What you should do:
The lines below must be transcribed exactly as given, with the images removed.

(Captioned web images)
"""

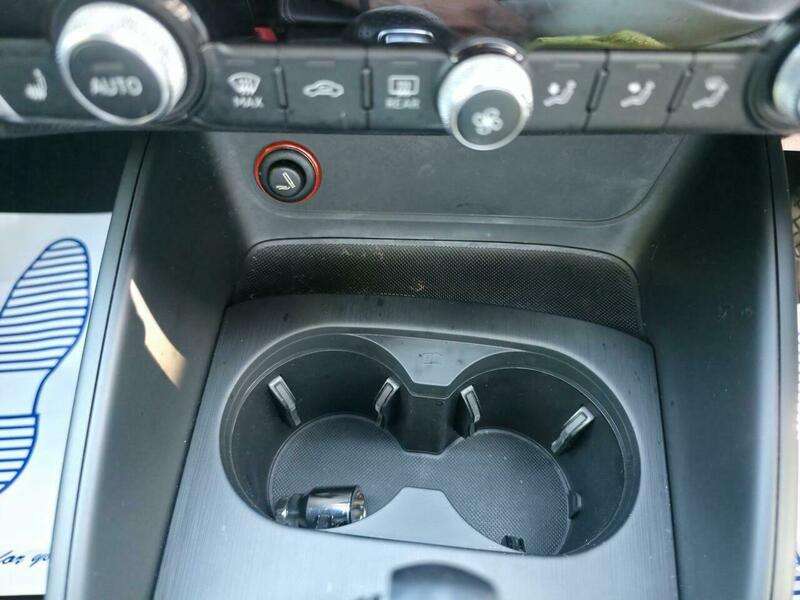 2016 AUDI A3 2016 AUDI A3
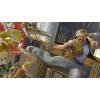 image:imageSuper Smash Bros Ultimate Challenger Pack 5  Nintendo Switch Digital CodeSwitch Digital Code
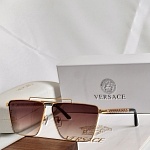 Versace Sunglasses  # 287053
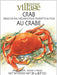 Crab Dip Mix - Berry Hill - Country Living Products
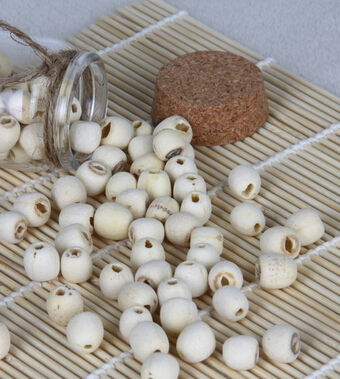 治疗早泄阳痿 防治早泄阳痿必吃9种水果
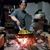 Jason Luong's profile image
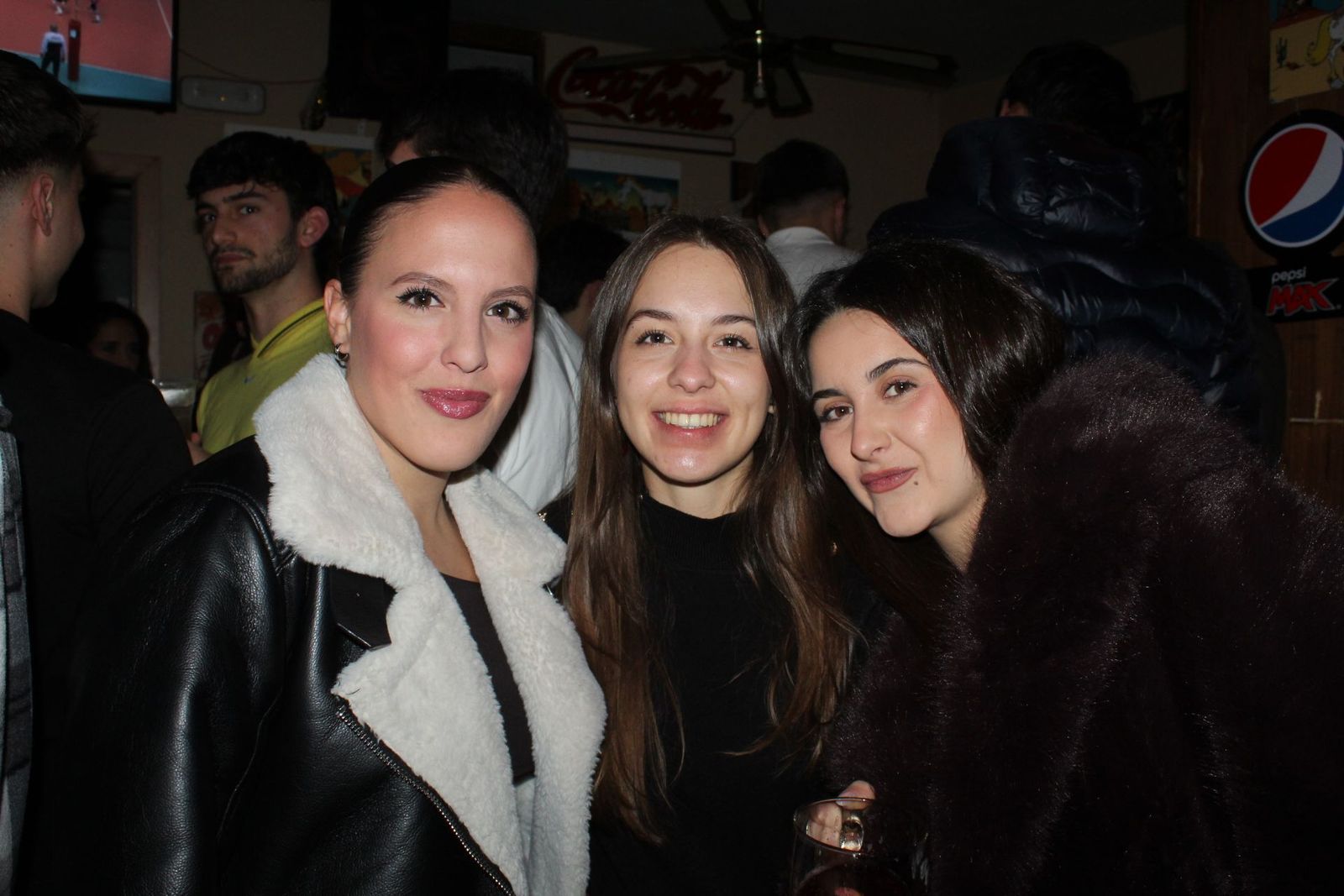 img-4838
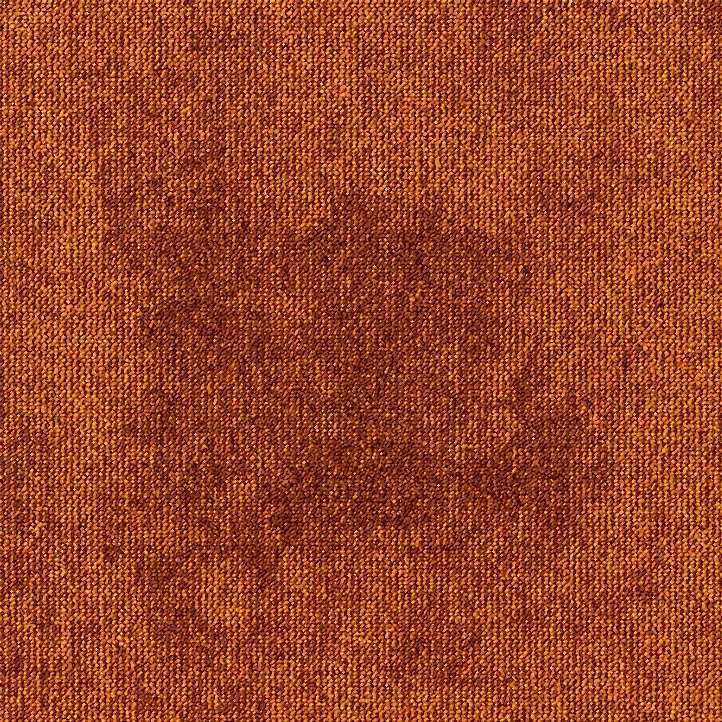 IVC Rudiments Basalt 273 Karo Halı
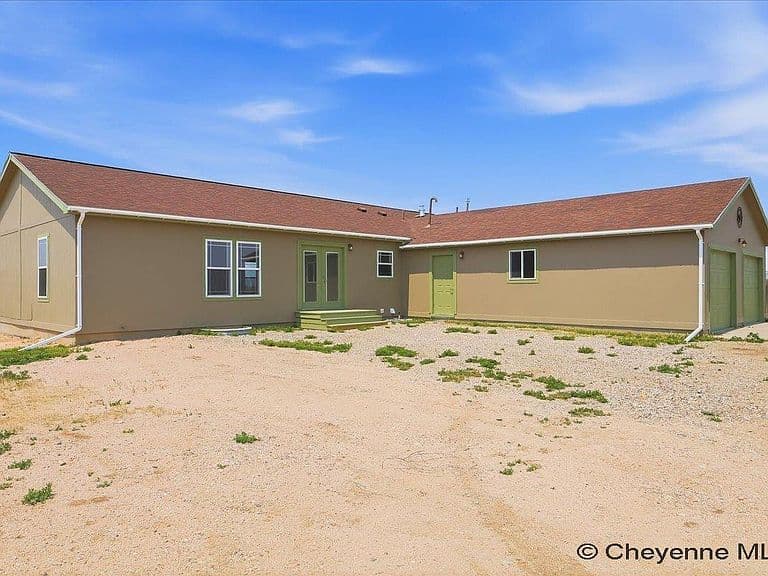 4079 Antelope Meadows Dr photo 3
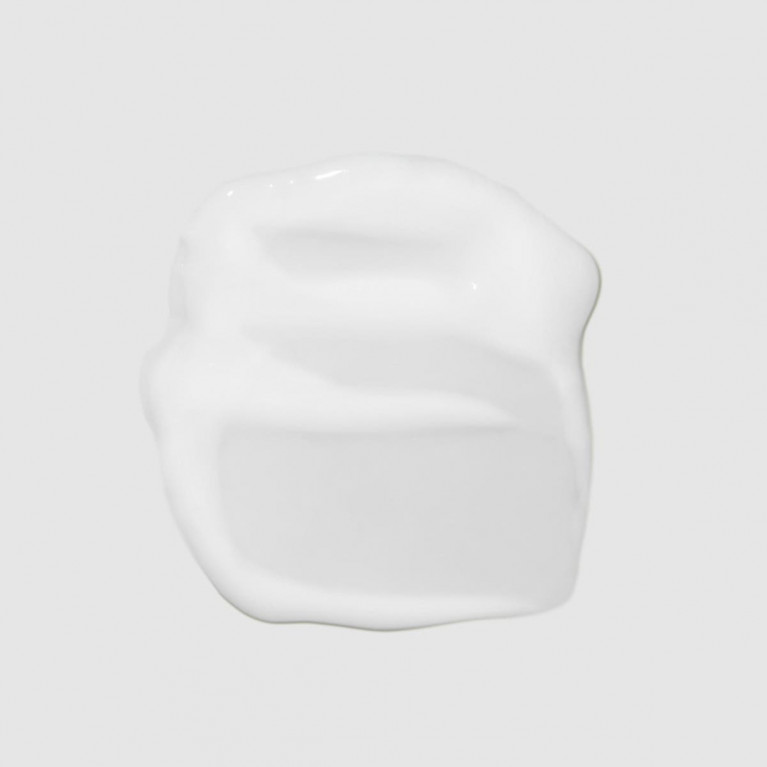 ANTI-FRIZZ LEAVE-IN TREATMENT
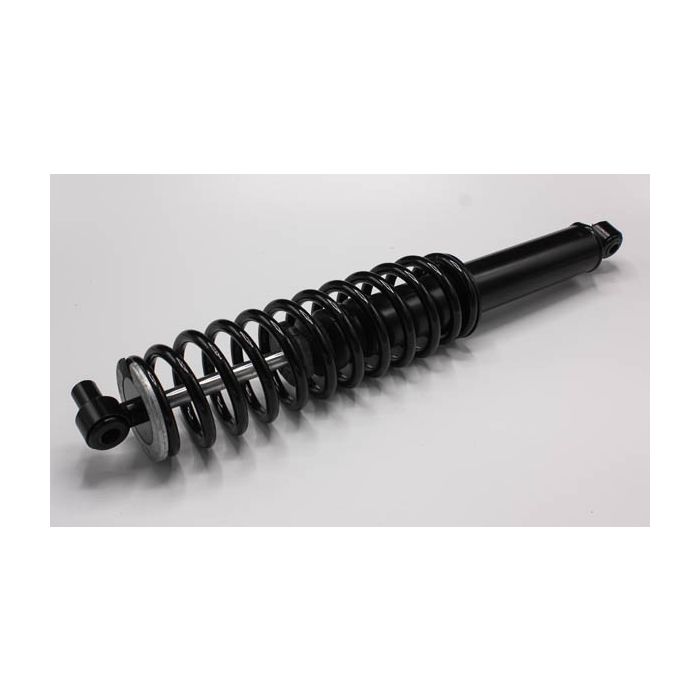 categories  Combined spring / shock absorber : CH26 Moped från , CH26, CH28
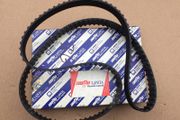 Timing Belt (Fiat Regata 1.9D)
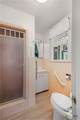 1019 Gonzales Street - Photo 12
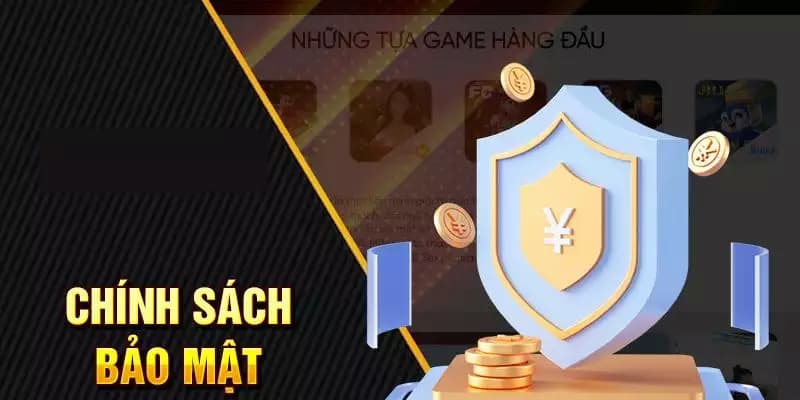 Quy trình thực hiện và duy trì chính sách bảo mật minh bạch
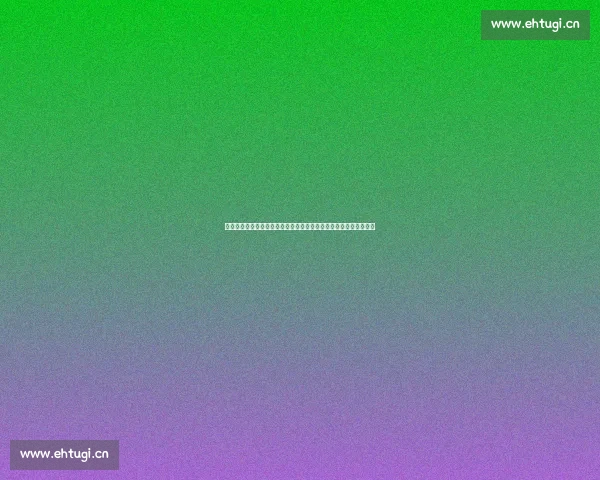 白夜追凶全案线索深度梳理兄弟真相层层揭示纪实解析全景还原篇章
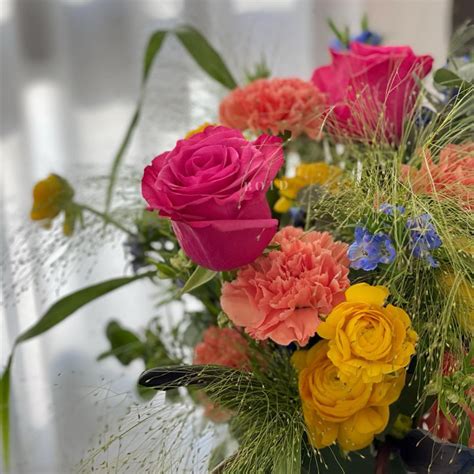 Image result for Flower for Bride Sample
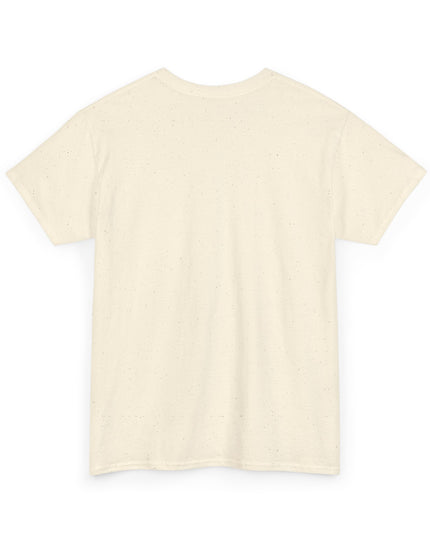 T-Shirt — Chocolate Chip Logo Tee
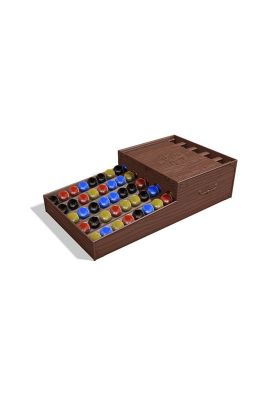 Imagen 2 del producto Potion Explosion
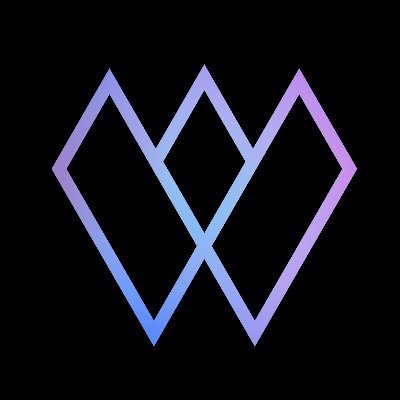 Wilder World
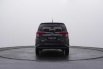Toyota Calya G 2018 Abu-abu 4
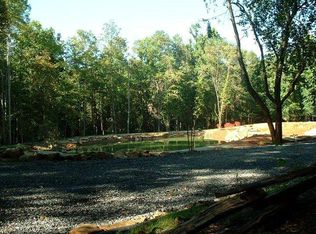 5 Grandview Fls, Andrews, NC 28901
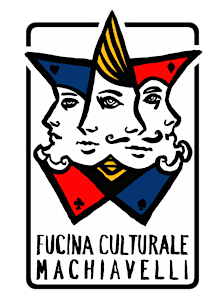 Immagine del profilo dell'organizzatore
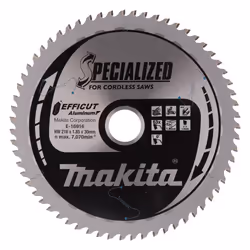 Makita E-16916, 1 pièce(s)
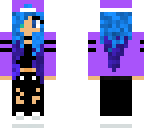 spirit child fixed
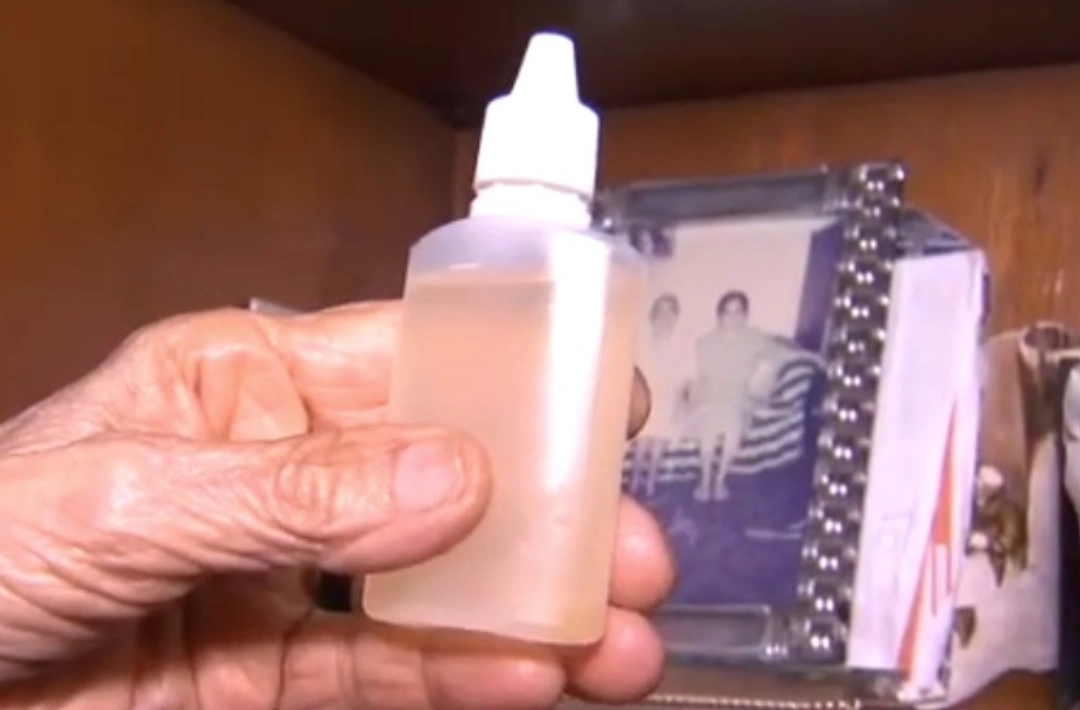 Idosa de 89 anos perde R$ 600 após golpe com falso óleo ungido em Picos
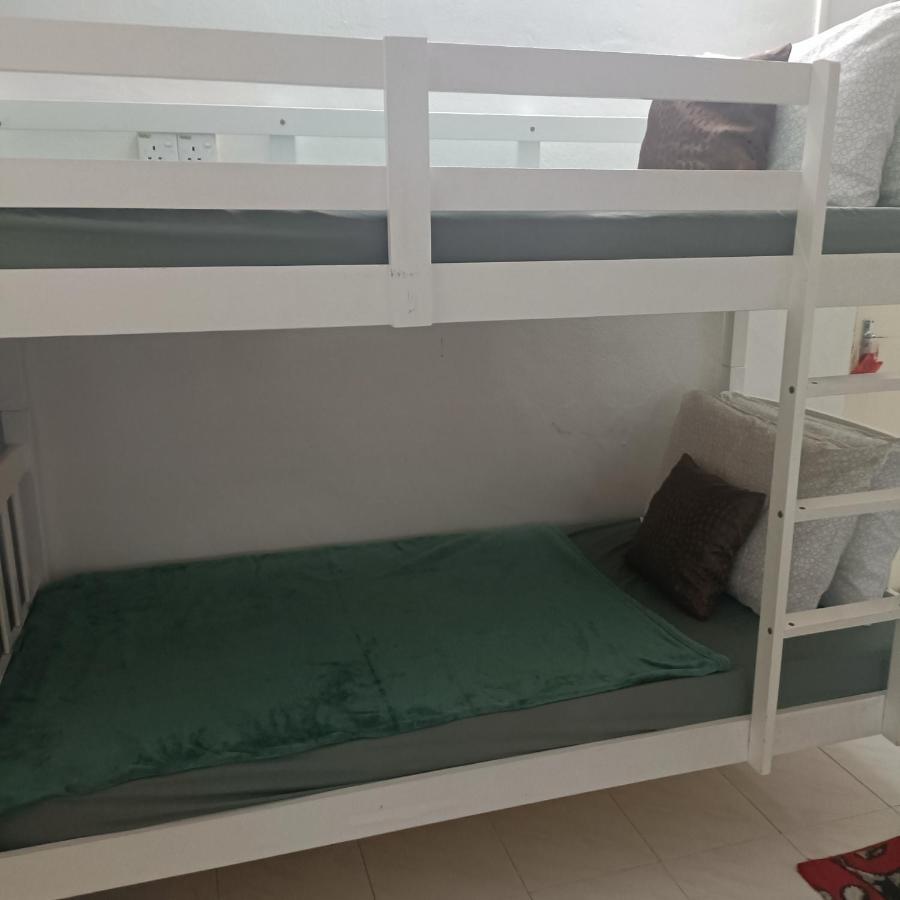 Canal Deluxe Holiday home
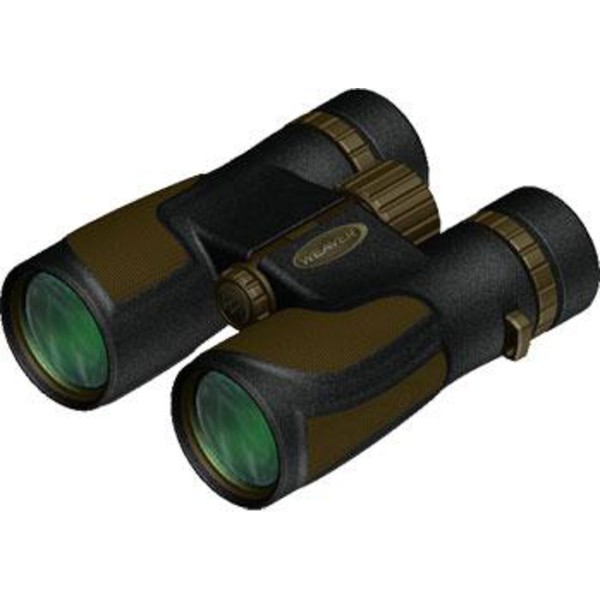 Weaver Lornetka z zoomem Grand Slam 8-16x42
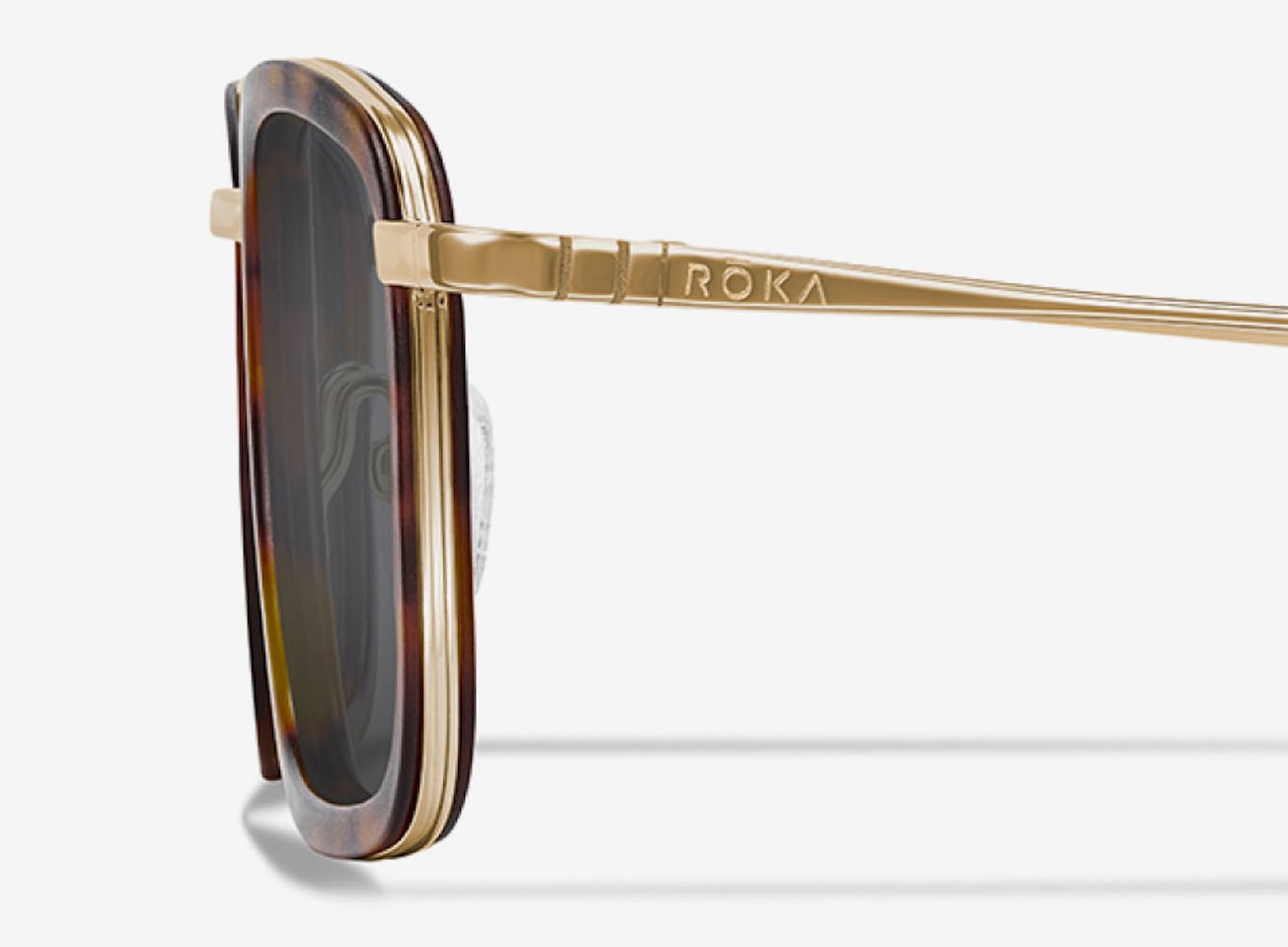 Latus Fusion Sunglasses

"""

Problem solution:
 2016 AUDI A3 2016 AUDI A3
 image:imageSuper Smash Bros Ultimate Challenger Pack 5  Nintendo Switch Digital CodeSwitch Digital Code
 Versace Sunglasses  # 287053
 Crab Dip Mix - Berry Hill - Country Living Products
 治疗早泄阳痿 防治早泄阳痿必吃9种水果
 Jason Luong's profile image
 img-4838
 IVC Rudiments Basalt 273 Karo Halı
 4079 Antelope Meadows Dr photo 3
 ANTI-FRIZZ LEAVE-IN TREATMENT
 categories  Combined spring / shock absorber : CH26 Moped från , CH26, CH28
 Timing Belt (Fiat Regata 1.9D)
 1019 Gonzales Street - Photo 12
 Quy trình thực hiện và duy trì chính sách bảo mật minh bạch
 白夜追凶全案线索深度梳理兄弟真相层层揭示纪实解析全景还原篇章
 Image result for Flower for Bride Sample
 T-Shirt — Chocolate Chip Logo Tee
 Imagen 2 del producto Potion Explosion
 Wilder World
Toyota Calya G 2018 Abu-abu 4
 5 Grandview Fls, Andrews, NC 28901
 Immagine del profilo dell'organizzatore
 Makita E-16916, 1 pièce(s)
 spirit child fixed
 Idosa de 89 anos perde R$ 600 após golpe com falso óleo ungido em Picos
 Canal Deluxe Holiday home
 Weaver Lornetka z zoomem Grand Slam 8-16x42
 Latus Fusion Sunglasses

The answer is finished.